Great points, Olaf! :)

On Tue, Jul 14, 2015 at 12:37 AM, Olaf Flebbe <[email protected]> wrote:

> Hi everyone,
>
> nice to know someyone with scientific computing background  around, too.
>
> Let me phrase a bit different what "native" to LInux mean to me: The
> filesystem's API is the open(2), close(2) systemcalls, rather a Java API.
> FUSE mounted filesystems are generally slooooow because of the additional
> switch from kernel to userland needed for each system call. And let me
> stress that POSIX is only a small subset of what a filesystem has to do ..

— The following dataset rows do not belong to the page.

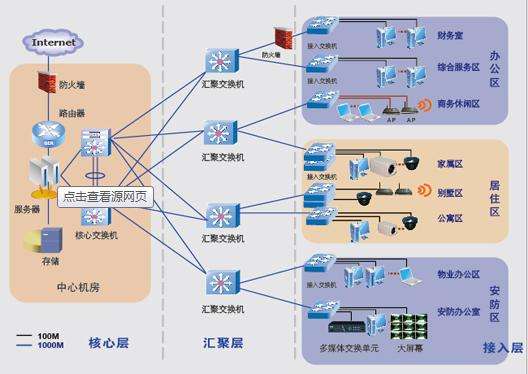 索安机电向供应商开长期采购清单助力四川消防工程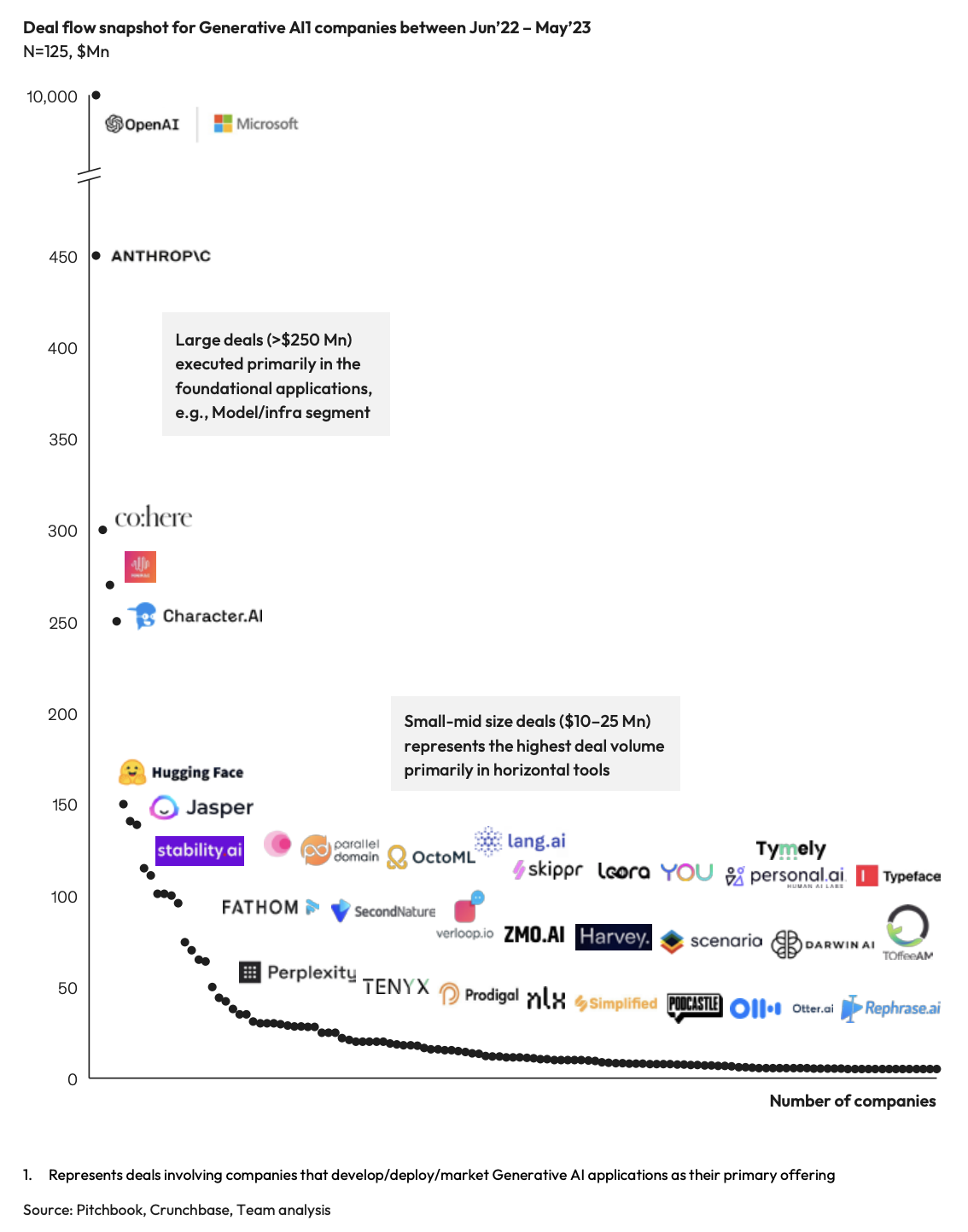 A graph representing representing deal flows for Generative AI between June 2022-May' 23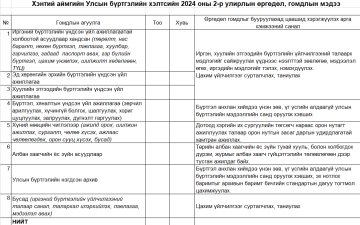 2024 оны 02 дугаар улирлын мэдээ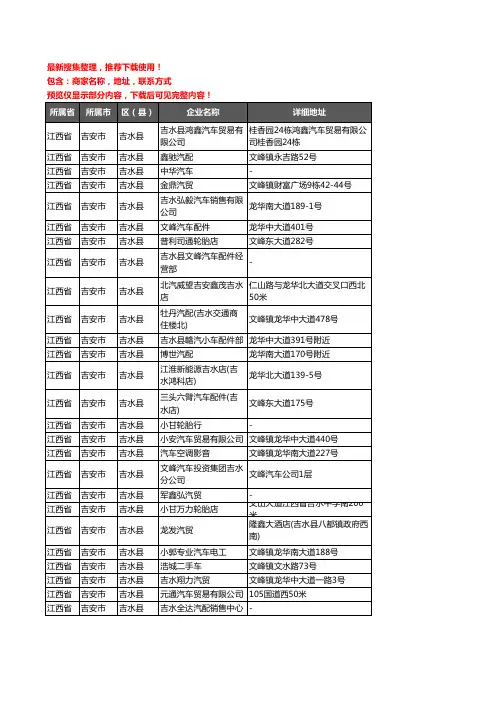 新版江西省吉安市吉水县汽车4S店企业公司商家户名录单联系方式地址大全79家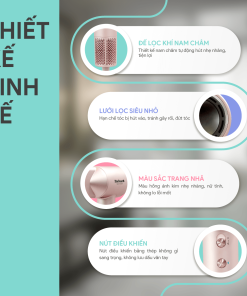 Máy Sấy Tóc BlueStone HDB-1975 1600W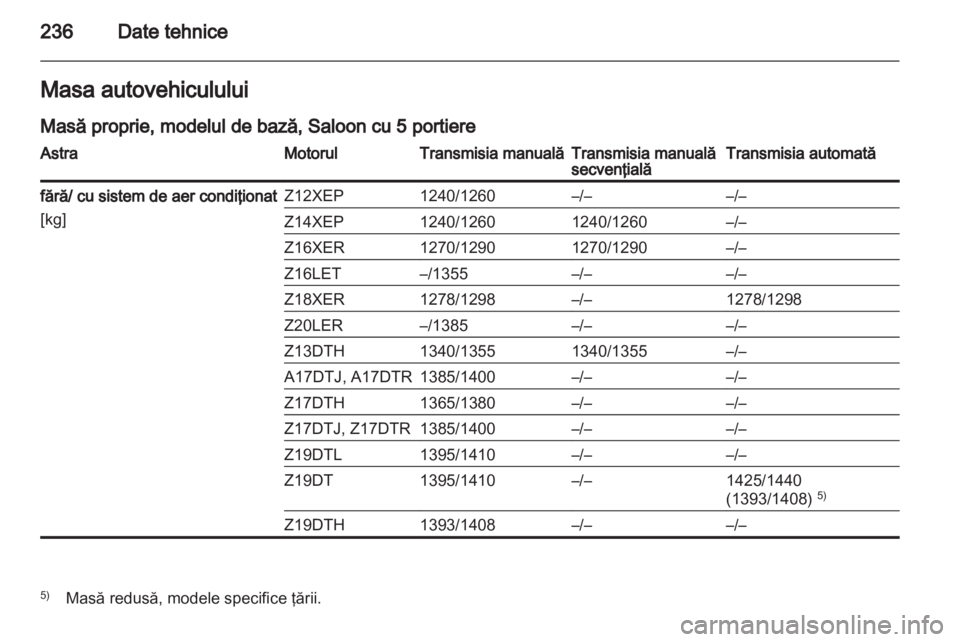OPEL ASTRA H 2012 Manual de utilizare (in Romanian) OPEL ASTRA H 2012 Manual de utilizare (in Romanian)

> the semantics of acls, mmap(),  symlinks, truncate(), locking and sparse
> files are way beyond POSIX or any standardization. It is funny that I now
> have seen codes, where developer has problems porting to UNIX systems,
> since it uses special Linux semantics. Of course a cluster filesystem has
> to break usual semantics in some way in order to achive its performance.
>
> HPC with Linux Clusters is one cornerstone of the business of s+c and we
> use cluster filesystems a lot. One special point to add: There are cluster
> filesystems which can exploit low latency networks like infiniband with
> RDMA rather TCP/IP and zero-copy which is beneficial performancewise.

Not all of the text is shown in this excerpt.